Exercise objective
Would you copy exactly the lines in the data below from the one that has "for downspouts." through the one that has "Newnes Industrial Control", dropping any pictures?

Caption-style text data
'''
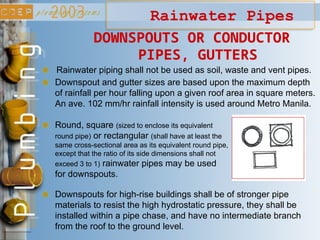 Rainwater Pipes
Rainwater piping shall not be used as soil, waste and vent pipes.
Downspout and gutter sizes are based upon the maximum depth
of rainfall per hour falling upon a given roof area in square meters.
An ave. 102 mm/hr rainfall intensity is used around Metro Manila.
DOWNSPOUTS OR CONDUCTOR
PIPES, GUTTERS
Round, square (sized to enclose its equivalent
round pipe) or rectangular (shall have at least the
same cross-sectional area as its equivalent round pipe,
except that the ratio of its side dimensions shall not
exceed 3 to 1) rainwater pipes may be used
for downspouts.
Downspouts for high-rise buildings shall be of stronger pipe
materials to resist the high hydrostatic pressure, they shall be
installed within a pipe chase, and have no intermediate branch
from the roof to the ground level.
 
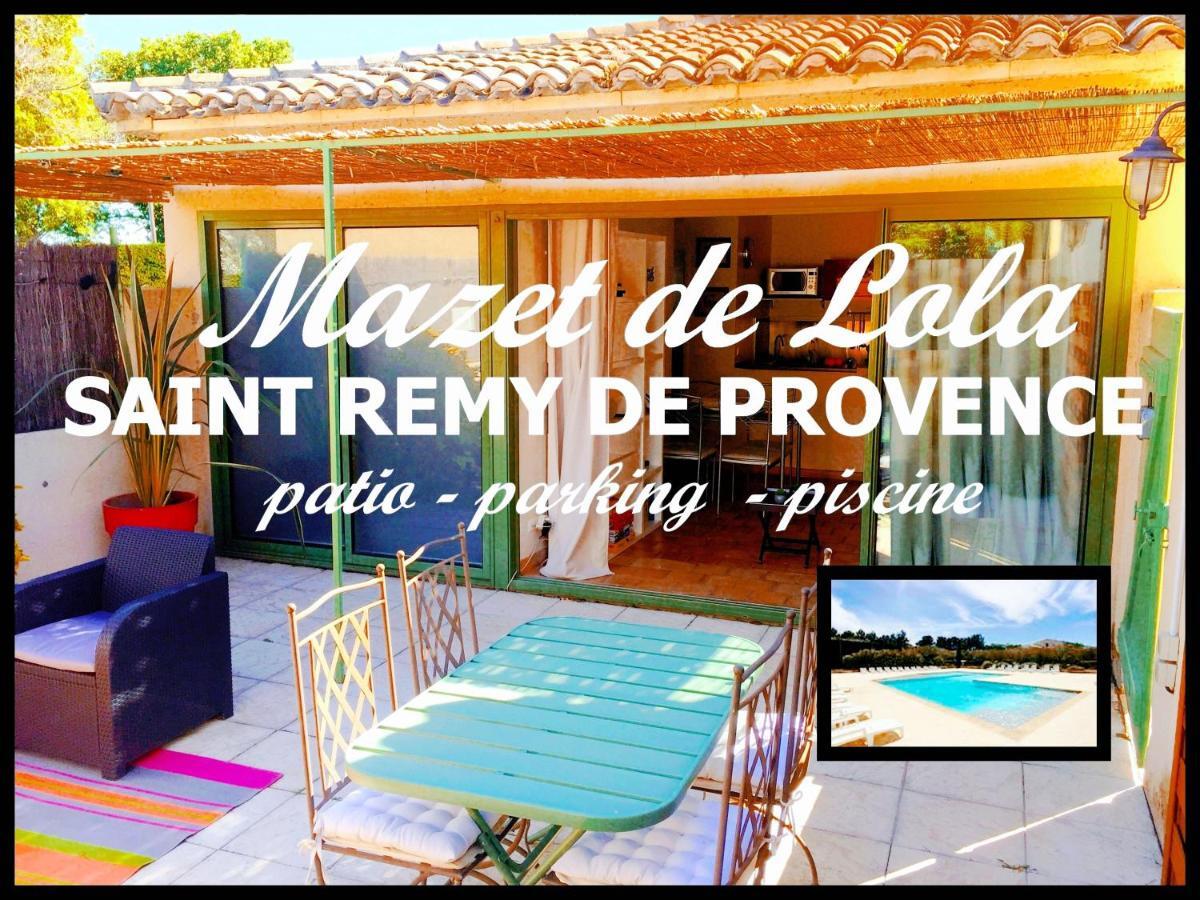 Villa Le Mazet De Lola Saint-Rémy-de-Provence Exterior foto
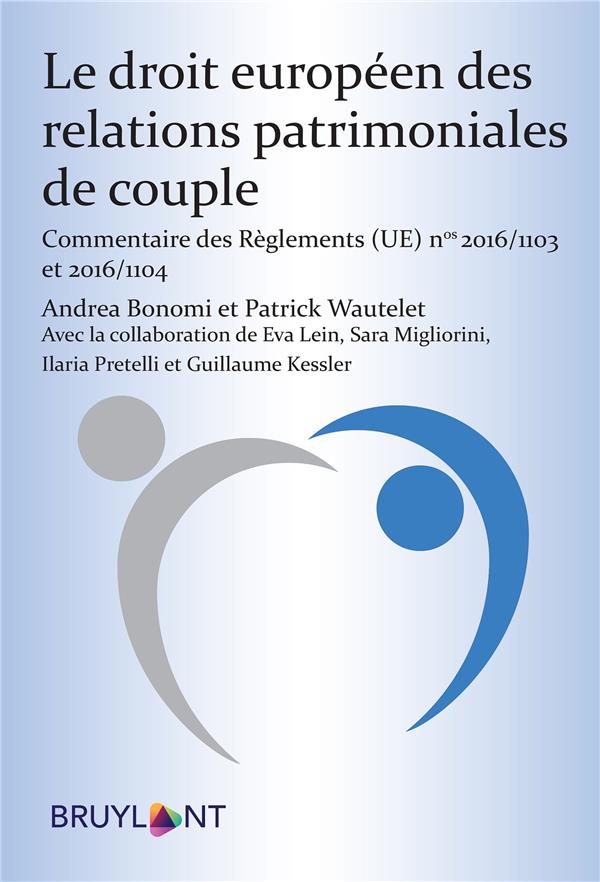 LE DROIT EUROPEEN DES RELATIONS PATRIMONIALES DE COUPLE - COMMENTAIRE DES REGLEMENTS (UE) 2016/1103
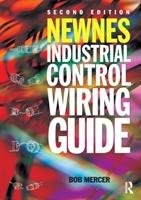 Newnes Industrial Control Wiring Guide, 2nd ed - Mercer Bob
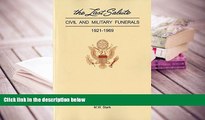 PDF [FREE] DOWNLOAD  Last Salute: Civil And Military Funerals, 1921-1969 TRIAL EBOOK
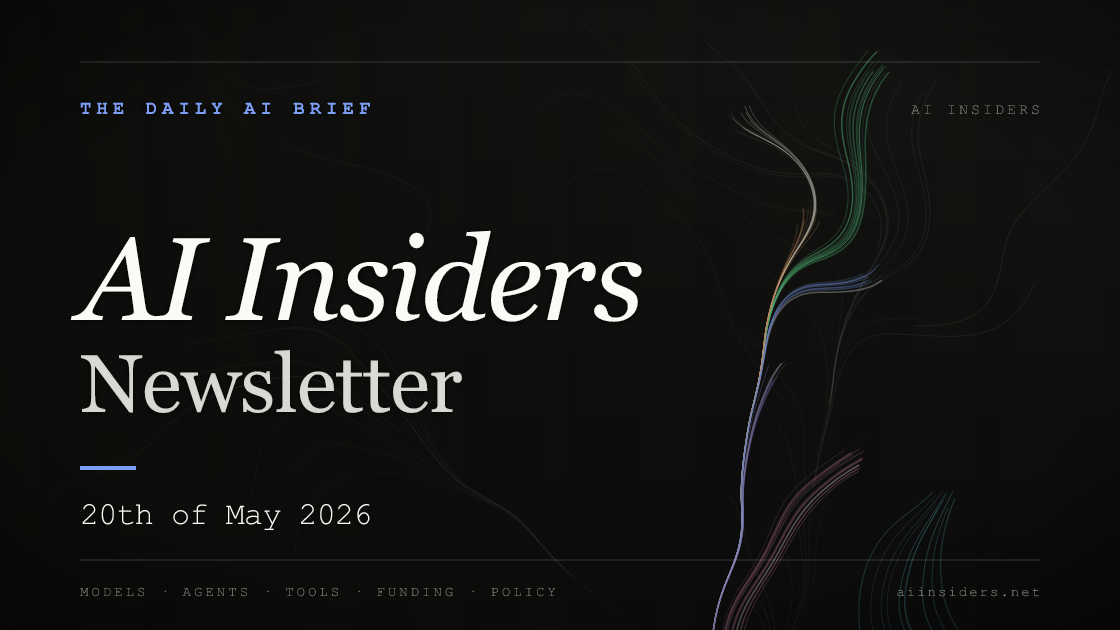 AI Insiders Newsletter cover for the issue dated 20 May 2026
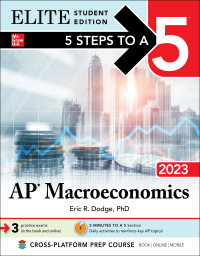 Cover image: 5 Steps to a 5: AP Macroeconomics 2023 Elite Student Edition 1st edition 9781264516384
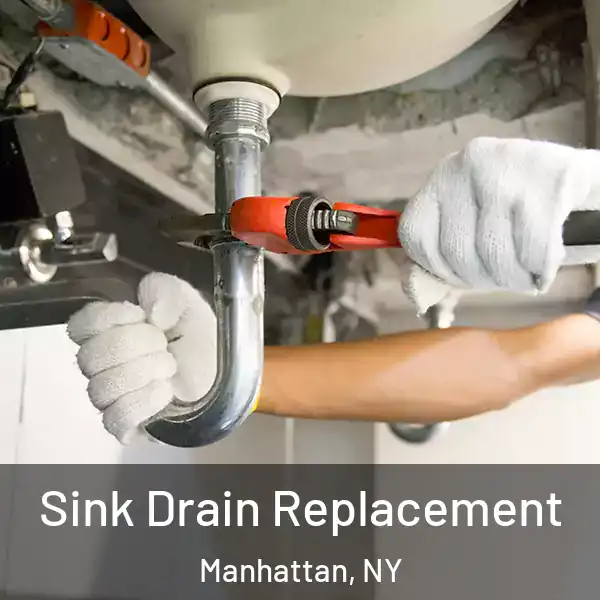  Sink Drain Replacement Manhattan, NY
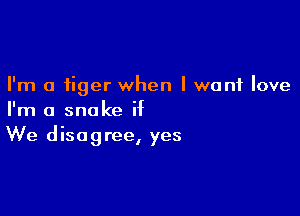 I'm a tiger when I want love

I'm a snake if
We disagree, yes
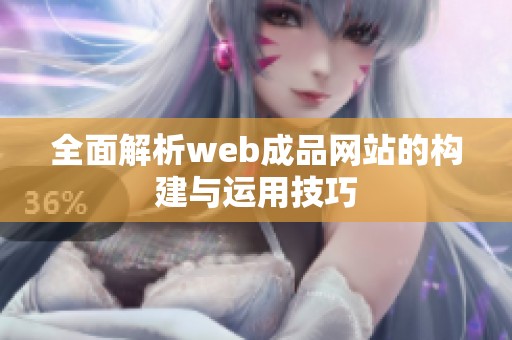 全面解析web成品网站的构建与运用技巧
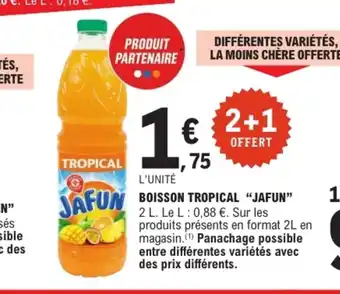 E.Leclerc JAFUN Boisson tropical offre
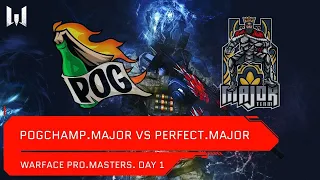 [Matches] Турнир Warface PRO.Masters. Day 1. PogChamp.Major vs Perfect.Major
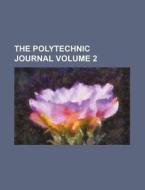 The Polytechnic Journal di Polytechnic School edito da Rarebooksclub.com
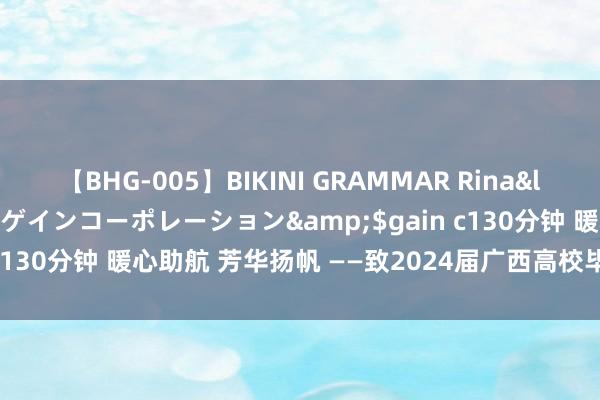 【BHG-005】BIKINI GRAMMAR Rina</a>2017-04-23ゲインコーポレーション&$gain c130分钟 暖心助航 芳华扬帆 ——致2024届广西高校毕业生的一封信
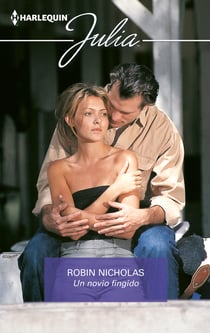 Un novio fingido - El mejor regalo para San Valentín, una novela de Harlequin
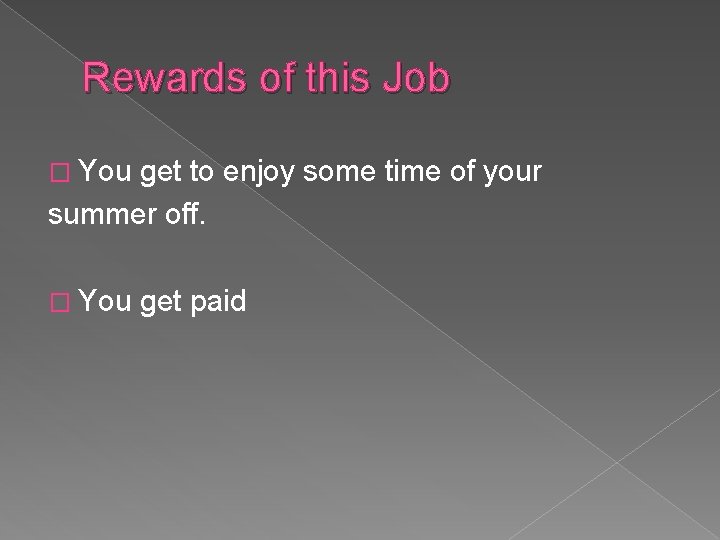 Rewards of this Job � You get to enjoy some time of your summer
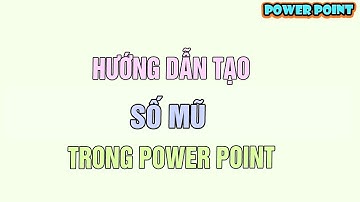 NVT Grab | Tạo số mũ trong powerpoint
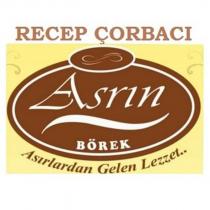 recep çorbacı asrın börek asırlardan gelen lezzet.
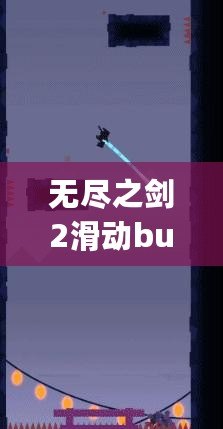 無盡之劍2滑動bug失效了嗎？探究游戲背后的秘密與最新更新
'''
Solution to the exercise
for downspouts.
Downspouts for high-rise buildings shall be of stronger pipe
materials to resist the high hydrostatic pressure, they shall be
installed within a pipe chase, and have no intermediate branch
from the roof to the ground level.
 
 Villa Le Mazet De Lola Saint-Rémy-de-Provence Exterior foto
 LE DROIT EUROPEEN DES RELATIONS PATRIMONIALES DE COUPLE - COMMENTAIRE DES REGLEMENTS (UE) 2016/1103
 Newnes Industrial Control Wiring Guide, 2nd ed - Mercer Bob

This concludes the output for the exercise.